Industry Watch

The future of organ modeling and bioprinting

Life in 3D: The future of organ modeling and bioprinting

It’s not science fiction; it’s forward-thinking, far-reaching — Promethean even. And it’s inevitable. Humanity will likely, at some point, master the basic building blocks of life. Life-saving organs may be transplanted from printers not donors, potentially reducing both the risk of rejection and long donor waiting lists. We’re not quite there yet, but those who take the opposing bet do so at their own peril. They’re betting against some of Minnesota’s brightest researchers.

Building a better prostate
In addition to biopsies and imaging, which help identify and visualize internal tissues and structures, physicians regularly rely on organ models to game out surgical interventions. 

Organ models aren’t revolutionary. Crude wooden versions predate modern anesthesia; today, surgeons use hard, plastic models to get a rough sense of what to expect when they open patients up. “Rough” is the operative word: These models only approximate actual patient anatomies, and they respond nothing like actual tissue.

A research team led by Michael McAlpine, Benjamin Mayhugh Associate Professor of Mechanical Engineering at the University of Minnesota, is perfecting something better: 3D-printed silicone organ models that combine anatomical accuracy and mechanical fidelity.
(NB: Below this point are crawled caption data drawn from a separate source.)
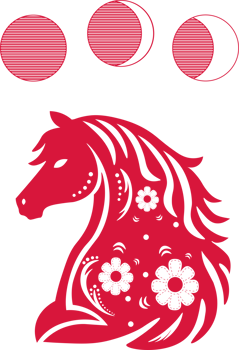 A red horse with three phases of the moon png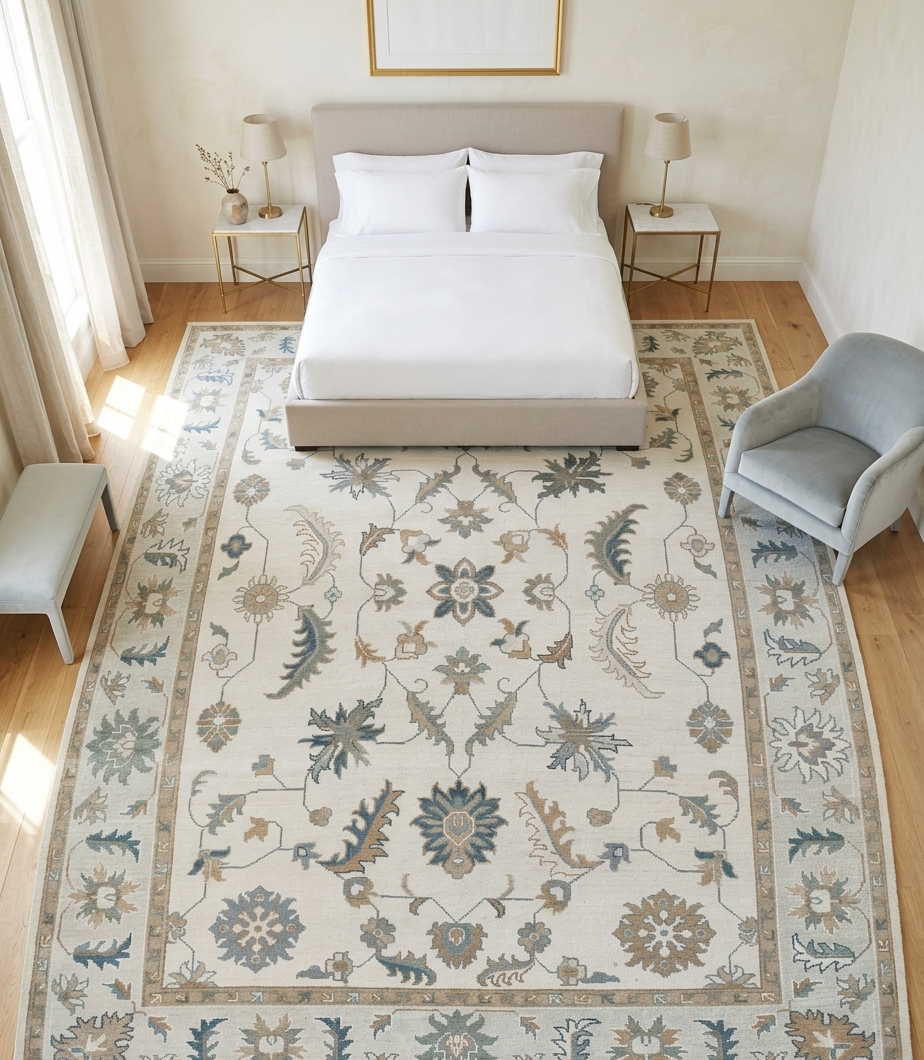 Hand Knotted Oushak Rug, Ivory Beige Turkish Wool Rug, Vintage Floral Oriental Carpet, Neutral Handmade Area Rug, Custom Size Rug Regalia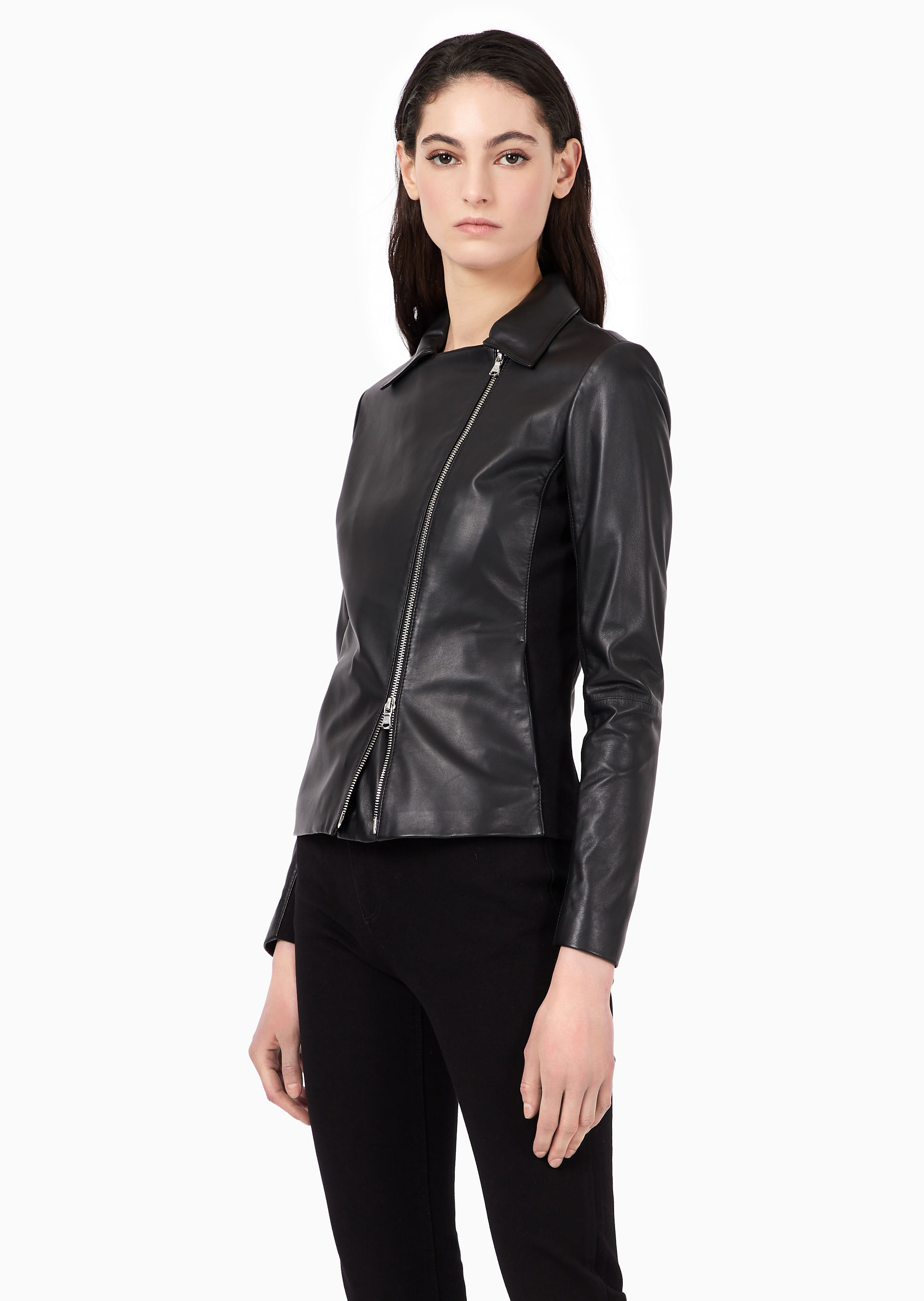 Jaqueta Biker em Couro | Emporio Armani - Armani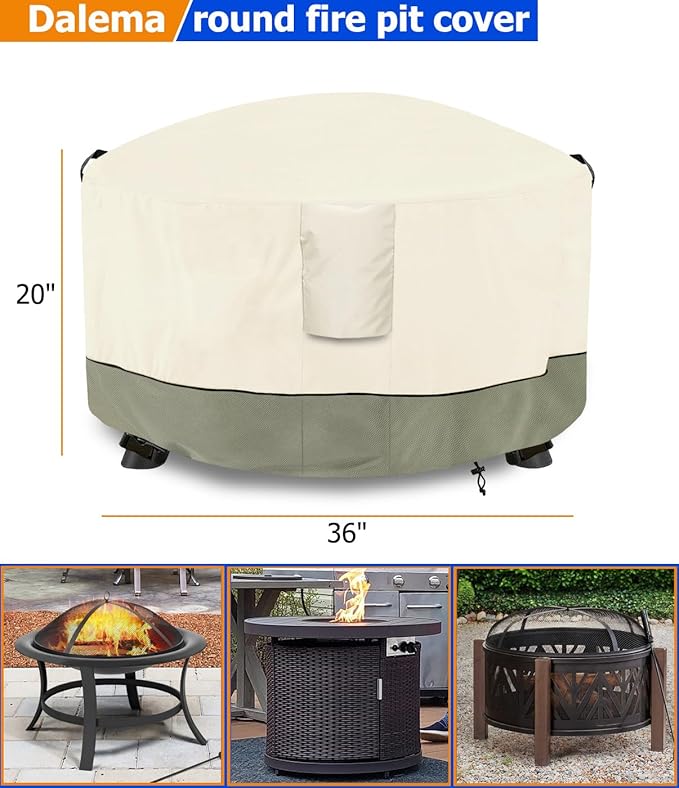 Fire Pit Cover,Outdoor Heavy Duty 600D 100% Waterproof Fire Pit Cover Round,Weatherproof Firepit Covers Round 36" Dia x 24" H,Beige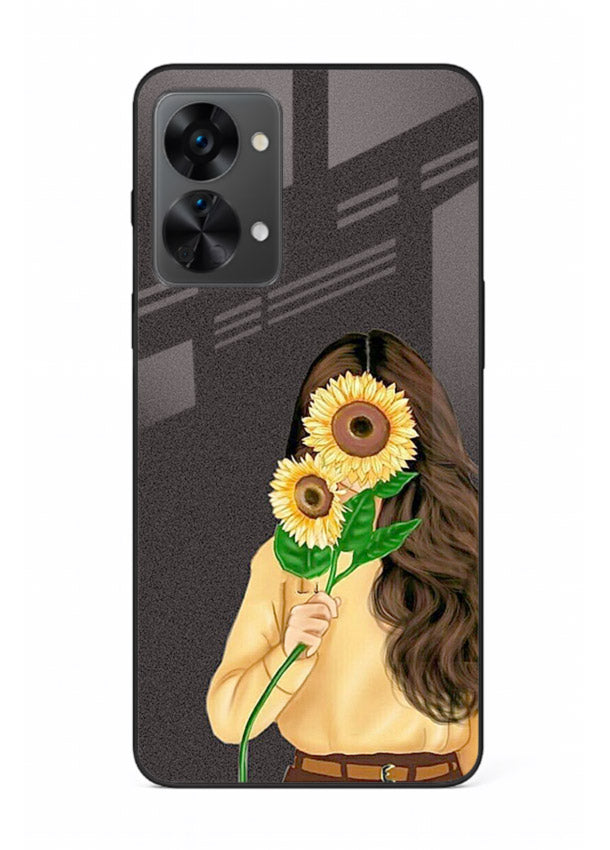 Sunflower collage artwork printed on OnePlus Nord 2T glass back cover with bright uplifting tones.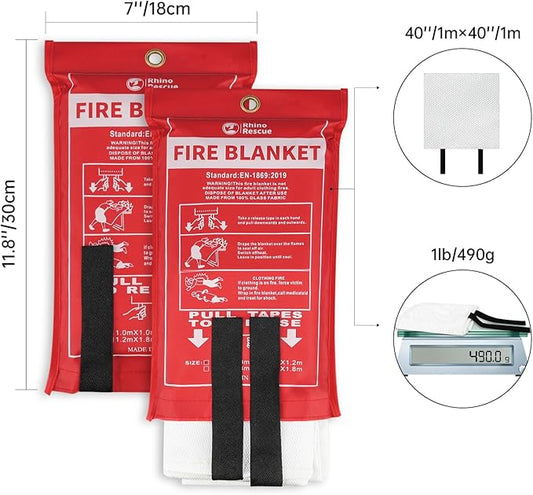 RHINO RESCUE Fire Blanket, 40''×40'' Fiberglass Emergency Fireproof Gear, Flame Retardant Protection for Home, Kitchen, Camping, Hiking, 4 Count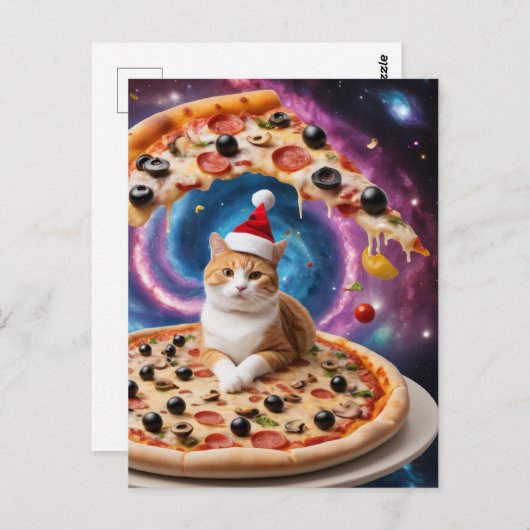 Een grappige kerstmuts kerstpizza kat briefkaart (Voorkant / Achterkant)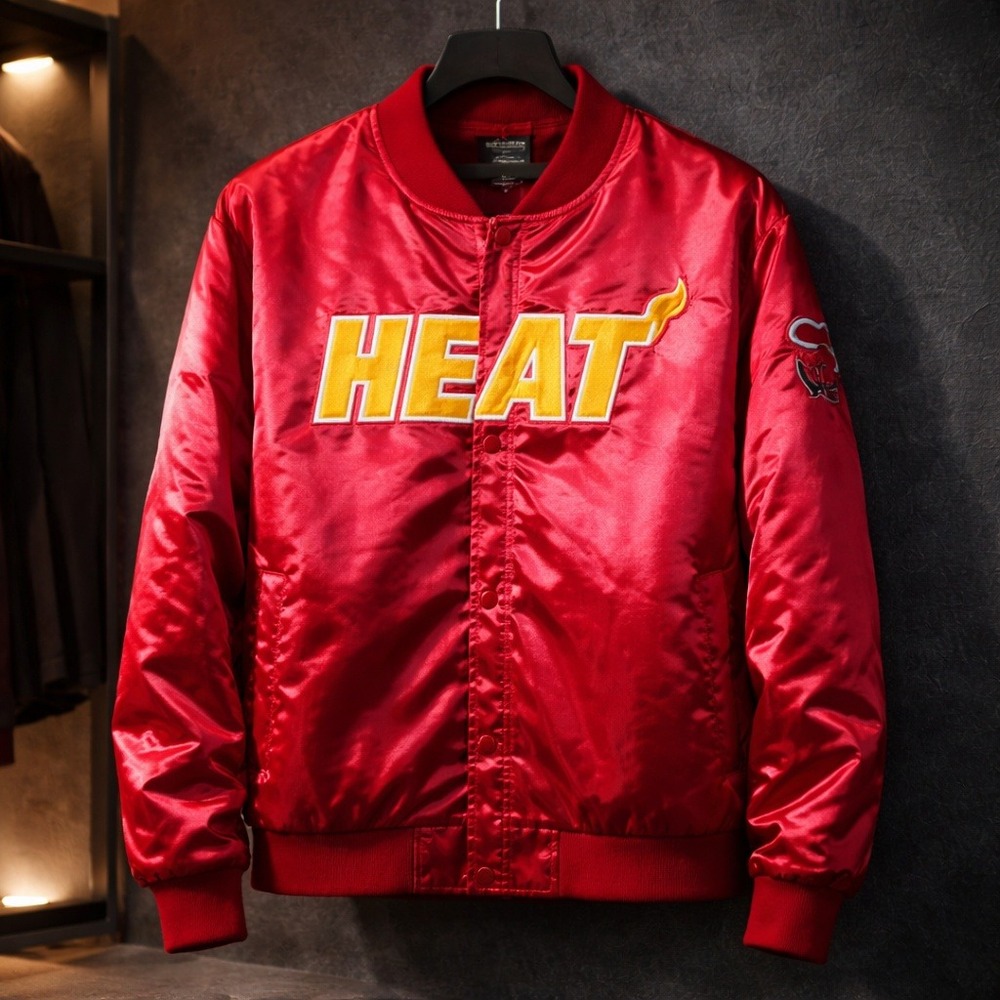 Miami Heat NBA Ultra Game Satin Bomber Jacket Mens 3XL Red Yellow Logo NWT $90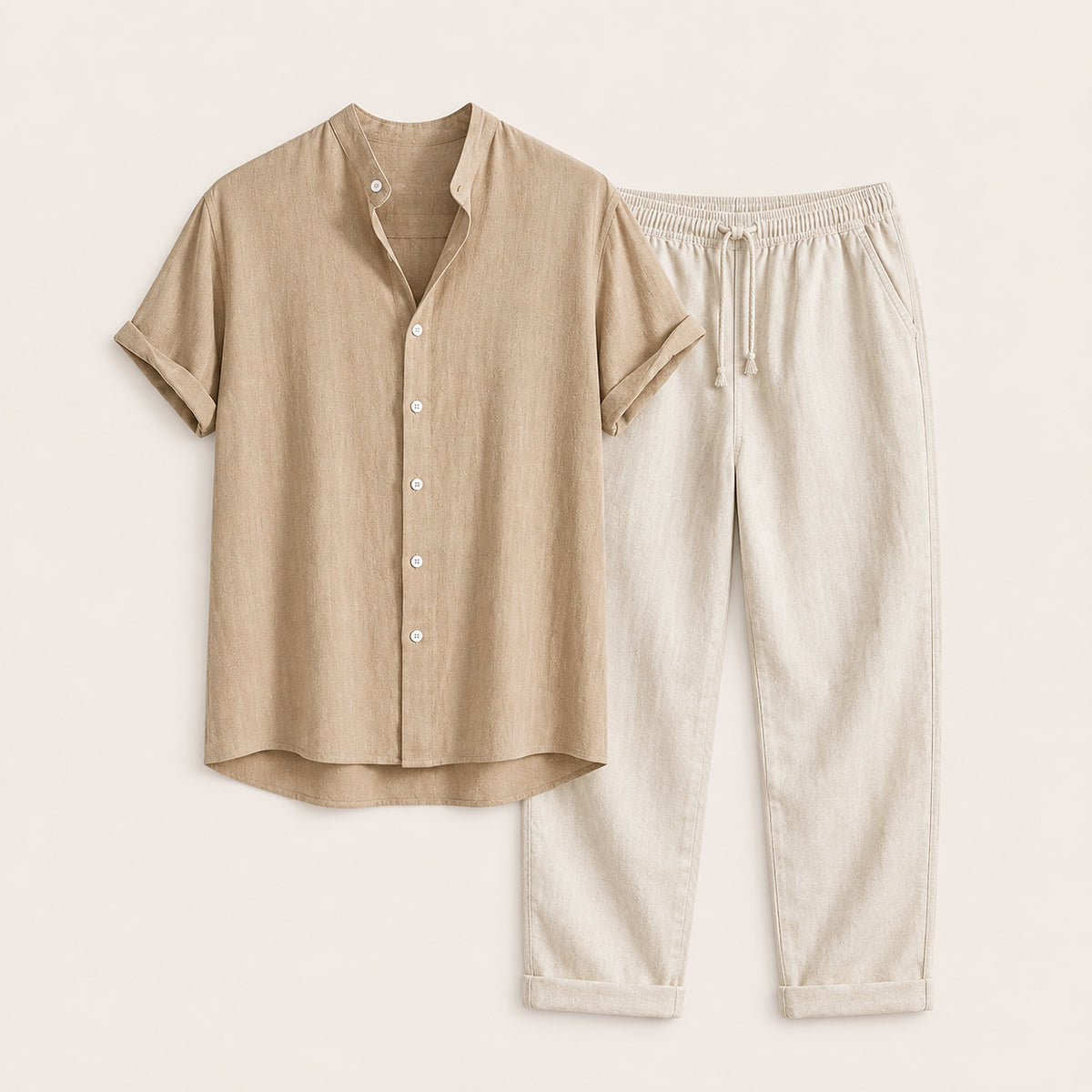 The Brentwood Men's Short Sleeve Linen Shirt & Drawstring Pants Set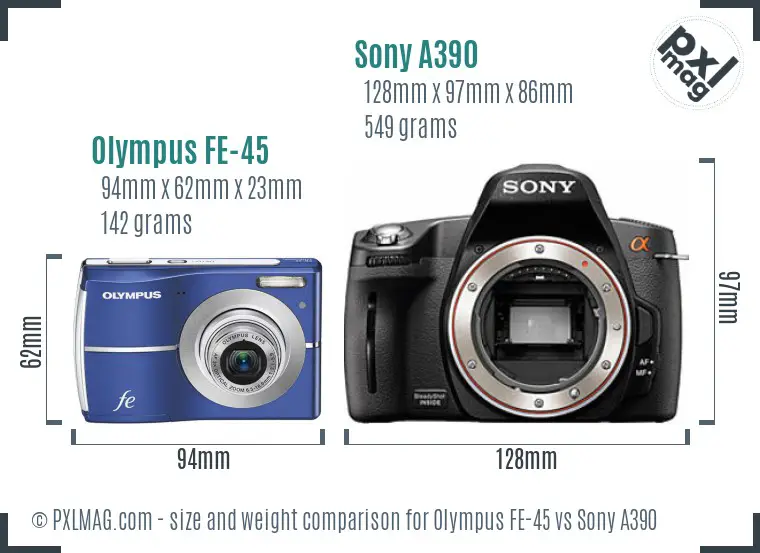 Olympus FE-45 vs Sony A390 size comparison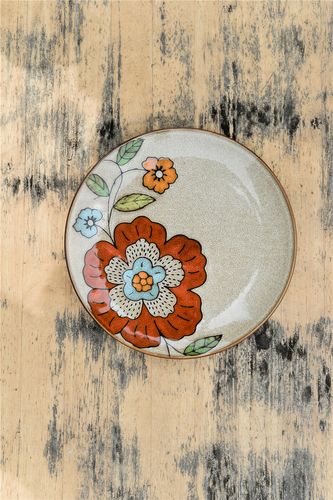 直销厂家盘子 西餐8寸陶瓷盘子 手绘花卉礼品水果盘 可定制logo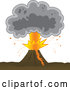 Vector of Bursting Volcano with an Ash Cloud by Paulo Resende
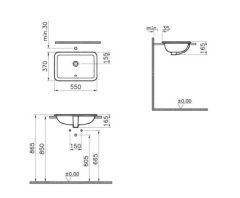 Vitra 5475b003-0642 S20 Tezgah Üstü Lavabo 55 Cm Parlak Beyaz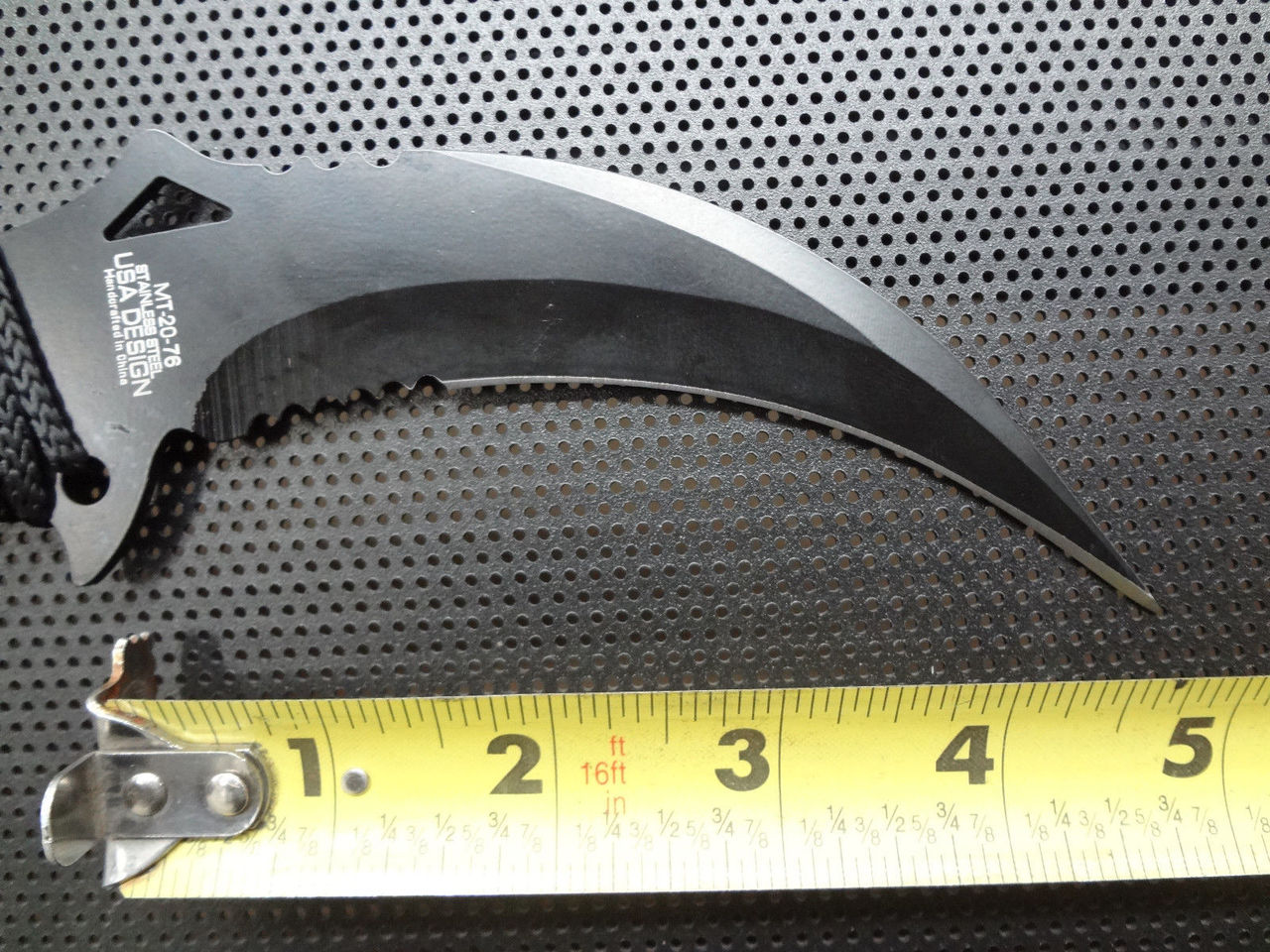 MTech FIXED-BLADE TACTICAL KNIFE | Black Blade Paracord Serrated Combat Karambit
Working off MRI scans, McAlpine’s team used a specially designed 3D printer last year to produce three prostate models “tuned exactly to the feel of each patient’s prostate,” says McAlpine. In other words, each artificial prostate looked like the corresponding patient’s actual prostate and displayed equivalent responses to surgical maneuvers. The team outfitted the models with electronic sensors that delivered helpful feedback — a potential game-changer for surgical trainees inclined to cut too deep or miss marks. 

McAlpine’s soft-organ model process has a patent pending. But it’s still early going: The prostate is simple enough to require just one type of silicone ink. The next step, he says, is to prove that 3D-printed soft-organ models work with more complicated internal structures, including those with tumors and other abnormalities. 

The technology “would be a huge benefit for doctors to practice before surgery or train medical residents,” says McAlpine.

Soft-organ models could also help medtech companies designing organ implants. “You need something that behaves like tissue itself,” during testing, says McAlpine.

Cells made to order
Pediatrics professor and University of Minnesota Bioprinting Facility director Angela Panoskaltsis-Mortari is on the forefront of the still-nascent field of bioprinting, which (literally) aims to inject life into inert 3D inks using pluripotent stem cells — the undifferentiated building blocks of human tissues. In a 2015 project, Panoskaltsis-Mortari attempted to grow a viable esophagus for transplant into a live pig. 

Bioprinting remains expensive, time-consuming and error-prone. Complex, transplant-ready human organs are still years off, though Hennepin County Medical Center recently repaired a patient’s skull using a 3D-printed composite of titanium and calcium phosphate. But momentum is building: Panoskaltsis-Mortari inaugurated a bioprinting course at the U of M last fall, and Century College is rolling out a bioprinting certificate program next year.

Shocking tattoos 
A more recent McAlpine project could have similarly far-reaching benefits. Earlier this year, a research team led by McAlpine published a study on 3D-printed bio-electronics — essentially, conductive tattoos on the backs of human hands. 

“We’re already good at printing electronics,” says McAlpine. “Why not integrate them into the body?”

McAlpine’s process requires detailed pre-imaging to ensure that the ink nozzle doesn’t pierce the skin, electronic ink that cures at room temperature to avoid tissue damage, and a complex motion-control system that uses cameras to track real-time hand movements during printing to reduce printing error and prevent injury. Unlike bioprinting, it’s cheap: The printer costs under $400, says McAlpine. And it has a range of uses, from deadly serious to downright frivolous.

“We imagine soldiers using [this technology] in the field to conduct chemical hazard analyses or capture solar energy,” says McAlpine. “Or, your kid could print some colorful LEDs on their skin for Halloween.” 

With costs already so low and prices for other conductive materials (such as solar panels) falling fast, 3D-printed electronics will likely become commoditized in the near future. To the extent that there’s money to be made in this space, says McAlpine, it’s in the software and algorithms supporting the printing process — like hand imaging and motion control. 

That’s probably not what entrepreneurs hoping to squirrel away the next world-changing technology want to hear. But it’s great news for end-users, whomever they turn out to be.